Code, bagarini, web, Vasariano La missione di Eike non è finita
Le cose fatte dal direttore e quelle da completare. In 24 mesi
Quando fu reso noto il suo nome era l’agosto del 2015 (l’insediamento sarebbe arrivato qualche mese dopo). E lui disse subito urbi et orbi che, felice di venire a guidare gli Uffizi, il suo primo obiettivo sarebbe stato quello di ridurre code e tempi di attesa, chiudere la questione Isozaki, finire i Nuovi Uffizi. Da allora, era ancora a Minneapolis, Eike Schmidt non ha mai lesinato dichiarazioni né conversazioni sui suoi progetti. Per dire: fu lui a dichiarare che, durante il suo mandato, avrebbe aperto il percorso del Principe sistemando il Corridoio Vasariano perché fosse attraversabile da Palazzo Vecchio a Palazzo Pitti (oggi il primo tratto — da Palazzo Vecchio agli Uffizi — è stato inaugurato) togliendo, dicono in tanti, al ministro Franceschini — che pare si sia dispiaciuto — il piacere di annunciare la notizia.

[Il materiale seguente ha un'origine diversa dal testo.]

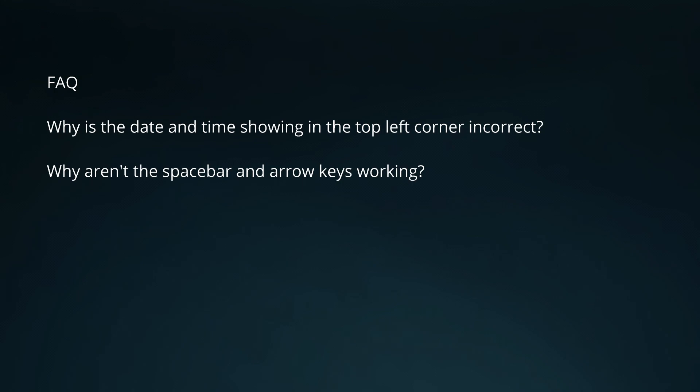Another common question is: why aren't my keyboard commands working? Note that the 3D view needs to have focus for the keys to work. Just click on the 3D view to give it focus, then try the keys again.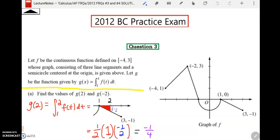Hello, BC Calculus friends. I thought it would be good to go over the answers to these free response questions that I gave you this week and just kind of talk about the test a little. I picked 2012 because it was the first one I found on my computer, and I scrolled to questions three and four because these are the first two questions where you do not get a calculator.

Il direttore straniero, avvezzo al marketing, alla comunicazione e al lavoro in prima linea da allora di cose ne ha fatte. Corridoio Vasariano a parte, è stato lui l’artefice della nascita del Museo della Moda a Palazzo Pitti (grazie a un accordo con Pitti Immagine) inaugurato il 13 giugno di quest’anno con la bella mostra a cura di Olivier Saillard. È stato lui a rivoluzionare la politica dei biglietti: una svolta non da poco, ufficializzata il 1° agosto, che prevede abbonamenti annuali e tariffe più alte che variano secondo la stagione (più basse dal 1° novembre a fine febbraio, più alte nel resto dell’anno) È stato sempre lui ad aprire le sale della Galleria Palatina, il 29 maggio, al grande evento Gucci, ottenendo in cambio, dalla maison, un finanziamento di due milioni di euro per restaurare il giardino di Boboli, con un intervento sul suo patrimonio botanico. Ha riaperto la Sala Bianca alle sfilate con la serata Ricci. Per studiare l’andamento delle code lo abbiamo incontrato al lavoro una domenica mattina presto, era il 9 maggio: distribuiva ai turisti in coda delle targhette dotate di chip che servivano a registrare la durata del tempo d’attesa all’ingresso del museo. In assenza di custodi volontari, in numero sufficiente, ci disse «Si fa tutto».
Non basta: ha rivoluzionato la sala Botticelli ed entro novembre ha promesso di fare altrettanto con quella dedicata a Leonardo, a Michelangelo a Raffaello, ai caravaggeschi e agli Autoritratti (prima erano nel Vasariano e la scelta di toglierli dalla loro collocazione ha suscitato non poche polemiche). E poi come non dimenticare: intestandosi la sua personale battaglia contro i bagarini a maggio 2016 decise di intervenire con un megafono da cui la sua voce stentorea si diffondeva per il Piazzale degli Uffizi allertando i turisti contro i biglietti «dopati». Il risultato fu che il Comune lo multò e lui l’indomani mattina fu visto in banca a pagare la sanzione di tasca propria. Ci fece su una risata e via. Ora gli resta da finire la missione Vasariano, da concludere la vicenda Isozaki — le ultime sue dichiarazioni sembravano propendere verso un sì alla pensilina per l’uscita dei Nuovi Uffizi — da dare una regolata alle code sempre troppo lunghe. Ha ancora due anni. Durante i quali dovrà presentare il nuovo sito del museo e potenziare la comunicazione online. Ancora inefficace.